Sand & Lines leaves me with the same ache I get when I eat a Lean Cuisine; I want more. It’s an ambitious effort in both sound and structure, and the record deserves a brief back story. The album was recorded over a five-day period in the now fire-ravaged Georgia Theatre that masterfully dressed the songs in dark hues of reverb, an apt color considering the album’s content. More impressively, the songs were recorded live to tape via only two microphones with no post-production. In our modern Pro Tools age, this approach is rarely undertaken. Once upon a time, it was the only way. Today, it’s a novelty.
The songs, for the most part, are stellar when taken alone. There’s a good mix of covers (highlighted by Galaxie 500‘s “Tugboat Captain” and Waylon Jenning‘s “The Wurlitzer Prize”) and originals (must listen: “Falls City”). The only song that I could’ve done without is the well-worn “Jolene” by Dolly Parton. It’s been done before, and I’m not sure Venice is Sinking added to its legacy. Otherwise, Venice is Sinking makes the handful of covers their own, engulfing the country-twinged tunes with layers of slightly gritted guitars and moaning organs. Violins and horns jut in and out of the mix, adding ornamentation to already well-decorated songs.

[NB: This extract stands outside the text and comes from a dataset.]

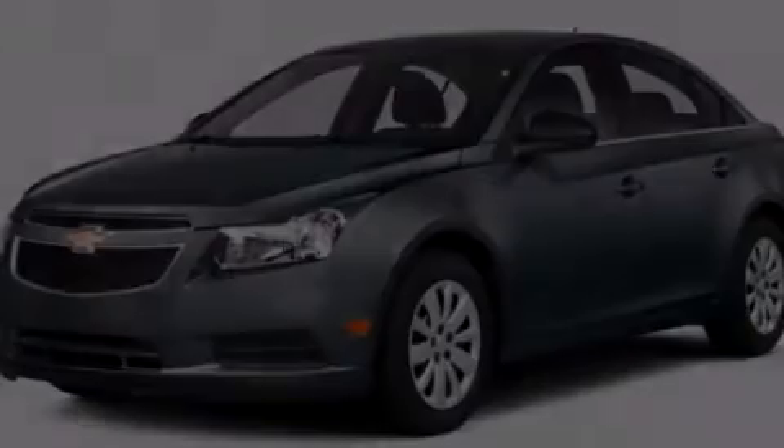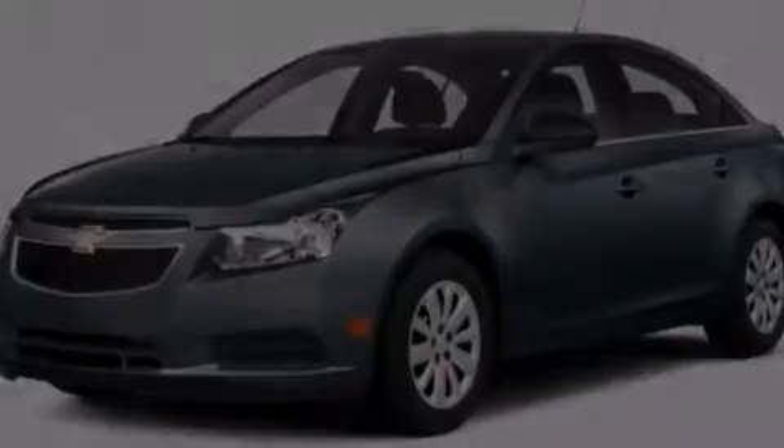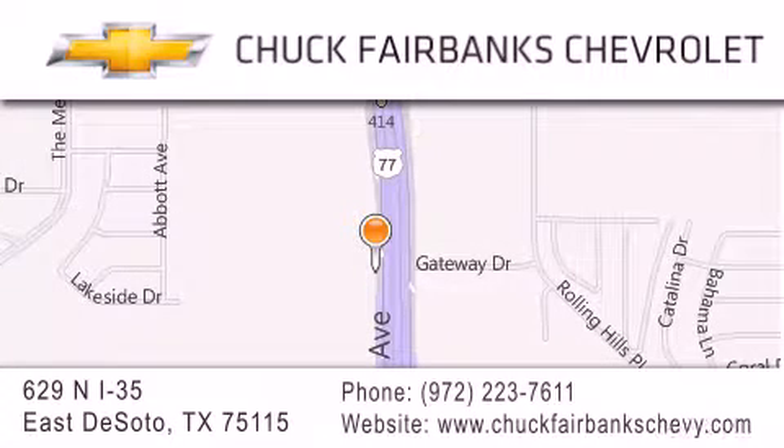Please call today to reserve this vehicle for a test drive. Thank you for considering Chuck Fairbanks Chevrolet for your next new or pre-owned vehicle. If you have any questions, please visit our webpage, give us a call, or stop by our dealership located on Interstate 35 and Pleasant Run Road in DeSoto.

Unfortunately, when played from front to back, the record seems to sag a bit. There isn’t much pep, and the dusky reverb has a hibernation-inducing quality. Layering the songs with echo, the live recording approach has made the album less “punchy” than a traditional studio effort, and, as a result, less attention grabbing. Which brings me to…

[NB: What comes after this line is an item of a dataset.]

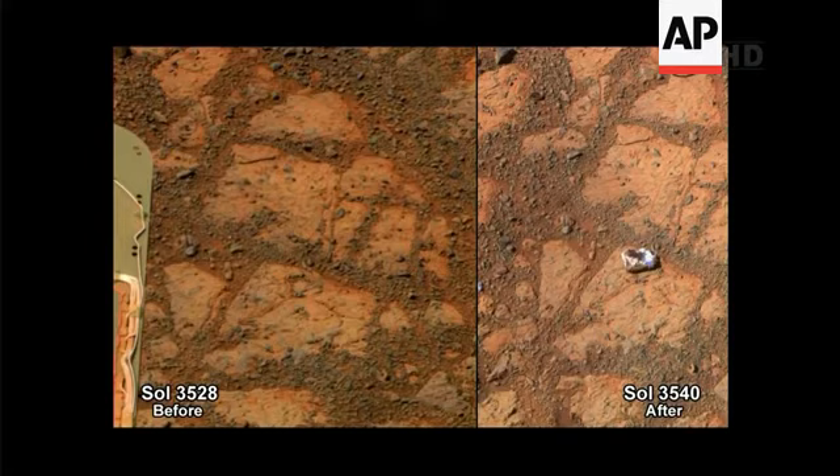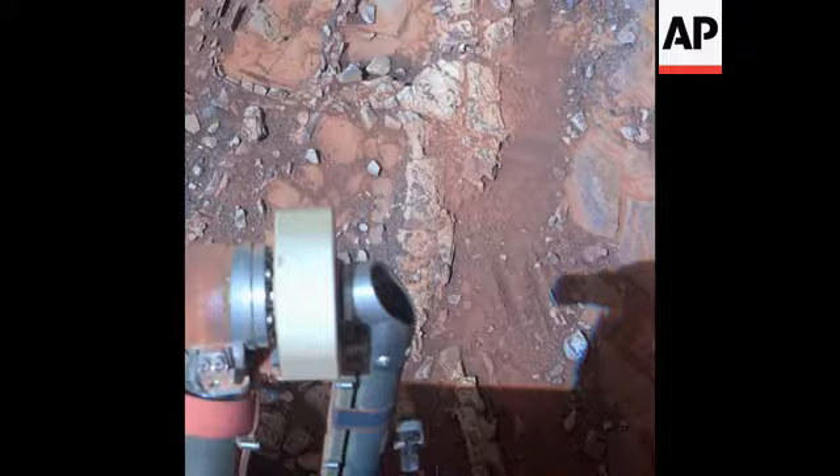This is where Opportunity is currently parked, and you can see 12 days apart a rock just simply appeared in front of us. This is an ongoing story of discovery. Mars keeps throwing new stuff at us, and it's these kind of unexpected discoveries that make this mission continue to be the exciting fun thing that it is.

The fact that this record is live without an audience. The magic shared between Venice is Sinking and the crowd at Criminal Records is missing on Sand & Lines. Instead, the band is left alone to conjure up the energy and anticipation that the fans typically supply. In concert, songs tend to be played faster with more momentum. While the songs on this record are splendid, that drive is missing.
Now, getting back to Venice, you can either visit the city or guess what it’s really like based on the opinions of others. I would recommend the former, as I would also do for Venice Is Sinking. Sand & LInes is representative of their sound, but you would be better served hearing these songs live. Check them out.